Jean-Yves who worked and learned with Thierry Allemand has a very natural approach towards winemaking. Minimal sulfur is used (inferior to 2mg). The 2005 Côte Pelée is a special selection of very old mondeuse vines, some of them over 100 years old. Interesting to note the appelation, Vin de Pays d'Allobrogie. This was a 1st for me and had never heard of this AOP before. While this was a little early to open this wine (yes, not all the wines from Savoie are meant to be drunk within a year after skiing), I could not resist. This was superb. Lovely nose, barnyardy with violets. Plenty of pure dark red fruits with a hint of green olives. Balanced, with a medium body with a slightly grainy texture, lacking a little on the mid palate at first, it then develops nicely in the glass. Red cherry with some blackberry as well. High acidity, some tannins on the finish. Really a lovely wine.
It was crazy how this was reminding me of a syrah. I closed my eyes and found myself in Cornas, with maybe more acidity than in the Northen Rhone. Well, not really a surprise since apparently the Mondeuse is the grand mother of syrah !
Anyway, syrah or not, go out and try Jean-Yves wines.

Wednesday, February 16, 2011

A transparent Chablis

Alice and Olivier de Moor are both enologists from the enological school in Dijon. While still working for another estate, they began replanting plots in Chablis (Bel Air, Clardy and Rosette). It was not until 1994 that they produced their first wines (a ridiculous small amount). They tried
and experimented a lot at the beginning . They have now been working their vines organically since 2005.
Only indigenous yeasts are used and there is no SO2 used at harvest or during the vinification. The elevage is done in barrels of different ages for the Chablis.

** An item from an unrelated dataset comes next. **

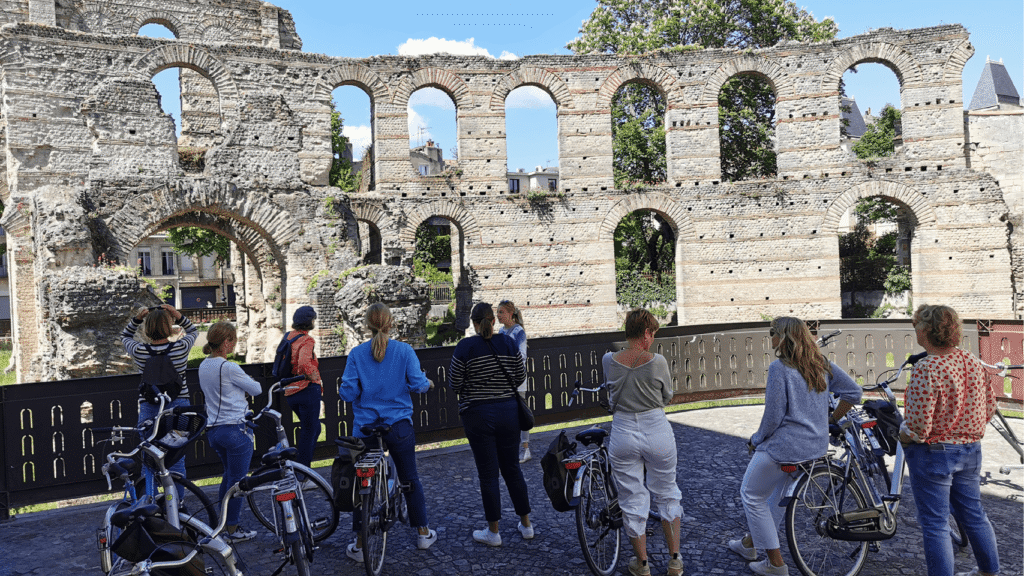 Mr Bacchus, balade bordeaux sortie vélo Journée bien-être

Alice and Olivier went a little further in this 2008 Chablis, L'humeur du Temps. Indeed, there is absolutely no sulfur, not even during bottling. This Chablis is their entry level.
The wine, surprisingly had a lot of weight at first with a touch of butter both on the palate and nose. But then, after a few minutes, it is an explosion of minerality which cuts through the ripe fruit. This is a delicious Chablis, pure, full of lemony notes backed up by a tremendous minerality. Really good right now. A thirst wine.




You can only respect the work winemakers like Alice and Olivier de Moor when you drink a bottle like this.

Wednesday, February 9, 2011

2005 Dard & Ribo Crozes-Hermitage

René-Jean Dard and François Ribo started their winery back in 1984. They met at the Lycée Viticole de Beaune in Burgundy. From the start they worked in a natural way, using no or very little sulfur and no entrants. René-Jean Dard father, a winemaker as well, was already working this way so it seems natural for his son to follow the same philosophy even if they were told the opposite at school.
Located in Mercurol, they make Crozes-Hermitage, St Joseph and Hermitage in both colors.
Their Crozes-Hermitage red is made from plots located mainly in Larnage, on red clay with gravel and alluvial stones.

This 2005 Dard&Ribo Crozes-Hermitage was damn good ! This was textbook Crozes and have this sense of place. Olives and red fruits with some bacon notes. Very floral. Mouthwatering, high acidity, surprising for 2005, making it perfect with food. Fresh, a little darker on the palate, it is really delicious.
I read that René-Jean and François think their Crozes is to drink young, a wine to enjoy in its first years. I have to admit, after trying the 2005, 2006, 2007 and 2008 that they are indeed really good in their youth but needs around 3 years to develop (the 08 drunk in October 2010 was really tight).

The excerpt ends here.